With the new school year fast approaching, Anne Dempsey meets three adults who are returning to the classroom to learn and develop skills for living and working

Can life-long learning contribute to positive health? National College of Art (NCAD) adult students John Brennan, Winnie Ryan and Andrew Wortley believe it can, and are just three of an estimated 300,000 people, according to Aontas, who return to school each year to learn, develop skills and help de-stress. As autumn enrolment brochures from institutions nationwide appear in shops, libraries and websites, more may consider this work/life balance idea.

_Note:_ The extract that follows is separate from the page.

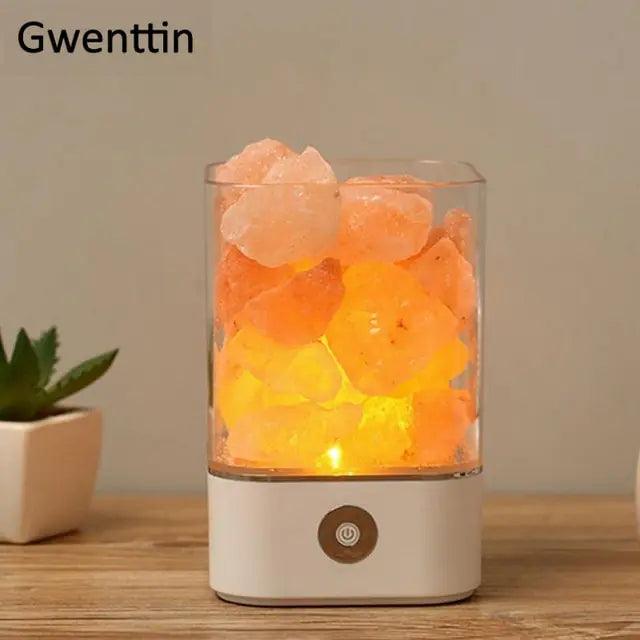 Crystal Natural Himalayan Salt Lamp - Orgone Energy Australia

John Brennan, mid-fifties, is a social worker in age-related healthcare at Tallaght Hospital with a degree in health management, a master's in social work, and a love of painting and drawing. He's been taking life drawing and painting classes for almost 20 years, enrolled in NCAD's night course in fine arts three years ago, is now in Advanced 2 and already sharpening his pencils for October.

"At the moment, my drawing has gone to pot. You have to keep practising, keep up your observation, your hand/eye co-ordination, your confidence. One term that kept cropping up lately was mark making, making your own unique mark on the page according to how you see, observe, translate.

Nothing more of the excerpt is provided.